RECORDS PROVIDED:
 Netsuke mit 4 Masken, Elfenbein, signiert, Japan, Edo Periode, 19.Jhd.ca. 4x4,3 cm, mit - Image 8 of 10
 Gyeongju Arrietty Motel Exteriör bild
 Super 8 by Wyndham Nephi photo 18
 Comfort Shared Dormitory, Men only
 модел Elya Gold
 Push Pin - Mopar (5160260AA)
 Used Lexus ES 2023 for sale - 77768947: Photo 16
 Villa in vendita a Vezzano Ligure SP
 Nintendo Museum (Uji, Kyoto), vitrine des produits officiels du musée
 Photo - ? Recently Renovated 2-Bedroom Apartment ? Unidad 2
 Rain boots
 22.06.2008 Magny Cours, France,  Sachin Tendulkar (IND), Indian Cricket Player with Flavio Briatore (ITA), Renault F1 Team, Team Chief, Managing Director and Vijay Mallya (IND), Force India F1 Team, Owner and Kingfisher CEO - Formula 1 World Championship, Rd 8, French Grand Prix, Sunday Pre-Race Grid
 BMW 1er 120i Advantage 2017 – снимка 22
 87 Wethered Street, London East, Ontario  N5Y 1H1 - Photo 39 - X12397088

INSTRUCTIONS TO FOLLOW:
Output nothing but the lines from the one containing "Push Pin - Mopar (5160260AA)" through the last line of the data, exactly as they stand.

WORKED SOLUTION:
 Push Pin - Mopar (5160260AA)
 Used Lexus ES 2023 for sale - 77768947: Photo 16
 Villa in vendita a Vezzano Ligure SP
 Nintendo Museum (Uji, Kyoto), vitrine des produits officiels du musée
 Photo - ? Recently Renovated 2-Bedroom Apartment ? Unidad 2
 Rain boots
 22.06.2008 Magny Cours, France,  Sachin Tendulkar (IND), Indian Cricket Player with Flavio Briatore (ITA), Renault F1 Team, Team Chief, Managing Director and Vijay Mallya (IND), Force India F1 Team, Owner and Kingfisher CEO - Formula 1 World Championship, Rd 8, French Grand Prix, Sunday Pre-Race Grid
 BMW 1er 120i Advantage 2017 – снимка 22
 87 Wethered Street, London East, Ontario  N5Y 1H1 - Photo 39 - X12397088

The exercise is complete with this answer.